Fonction psychométrique humaine 1

Fig. 12 Exemple de fonction psychométrique pour la détection de ton dans le bruit par l’humain. (Schönfelder & Wichmann, 2013).#

Finalement, la figure suivante présente un troisième exemple de fonction psychométrique humaine, cette fois pour une tâche de détection de ton pur dans le silence. En conséquence, la dimension d’intérêt n’est plus le RSB, mais l’énergie du signal en dB. Malgré l’absence de bruit de fond, on retrouve la forme sigmoïde caractéristique de la fonction psychométrique. La raison en est que le traitement sensoriel par le système auditif est lui-même bruité – par exemple, la transmission d’information dans les neurones est un processus partiellement aléatoire. On peut donc se ramener à la situation des deux gaussiennes décrites plus haut si l’on considère non plus le signal sonore parvenant au détecteur ou à l’oreille, mais l’influx nerveux conduisant à la décision “ton présent” ou “ton absent”.

Fonction psychométrique humaine 2

Fig. 13 Exemple de fonction psychométrique pour la détection de ton dans le silence par l’humain. (Leek, 2001).#

Au travers de la fonction psychométrique, la théorie de la détection du signal nous offre donc un cadre mathématique permettant relier le stimulus, et plus précisément sa dimension d’intérêt, à un pourcentage de réponses dans une tâche donnée. Elle répond donc parfaitement à l’objectif de la psychophysique qui est de relier monde physique et comportement observable. Dans la section suivante nous allons nous appuyer sur la fonction psychométrique pour décrire différentes méthodes expérimentales développées par les psychophysicien·nes.

Notes#

[1] De façon générale, on utilise généralement une équation incluant deux paramètres supplémentaires qui permettent de rentre compte des possibles erreurs d’inattention du sujet qui l’empêcheraient d’atteindre 100% de réponses correctes même dans le cas d’une tâche extrêmement simple, et du fait que le minimum de la fonction psychométrique peut être différent d’une expérience à l’autre.

[2] Il s’agit d’une présentation minimaliste de l’approche TDS. En réalité, une analyse complète devrait de plus distinguer deux types d’erreurs commises par le système : les Miss (le signal était présent mais n’a pas été détecté) et les False Alarms (détection du signal en son absence).

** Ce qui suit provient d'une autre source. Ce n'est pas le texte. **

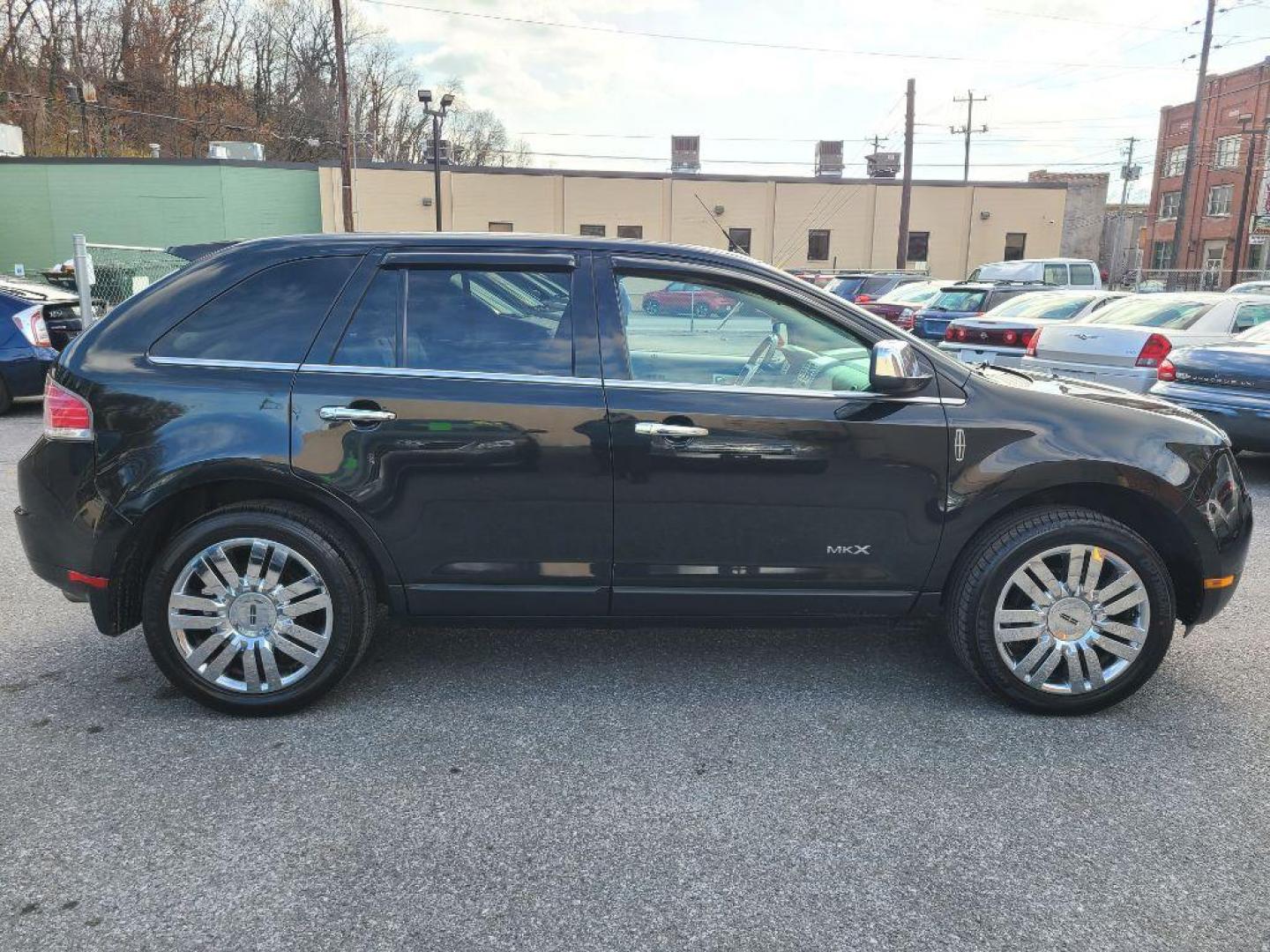 2010 BLACK LINCOLN MKX AWD (2LMDJ8JC2AB) with an 3.5L engine, Automatic transmission, located at 117 North Cameron Street, Harrisburg, PA, 17101, (717) 963-8962, 40.267021, -76.875351 - Photo#5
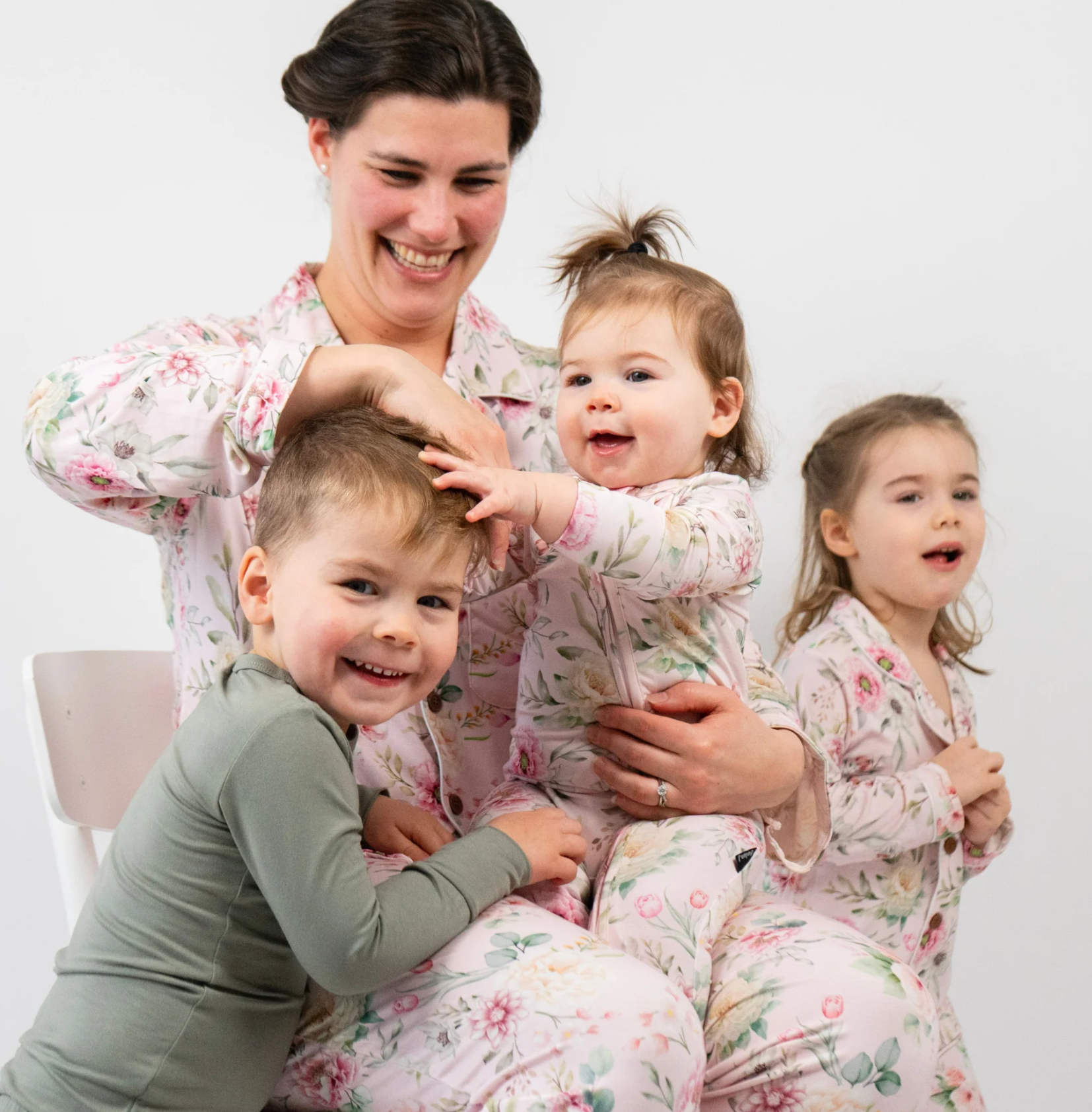 pajamas canada image of mom and 3 kids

[3] En théorie, l’équation de la fonction psychométrique en fonction du RSB n’est pas la même que celle en fonction du d’. Néanmoins, en pratique, les chercheur·euses se limitent le plus souvent à l’équation de la loi logistique décrite plus haut.

Références#

  • Green, D. M., & Swets, J. A. (1966). Signal Detection Theory and Psychophysics. Peninsula Publishing.

  • Leek, M. R. (2001). Adaptive procedures in psychophysical research. Perception & Psychophysics, 63(8), 1279‑1292. https://doi.org/10.3758/BF03194543

  • Schönfelder, V. H., & Wichmann, F. A. (2013). Identification of stimulus cues in narrow-band tone-in-noise detection using sparse observer models. The Journal of the Acoustical Society of America, 134(1), 447‑463.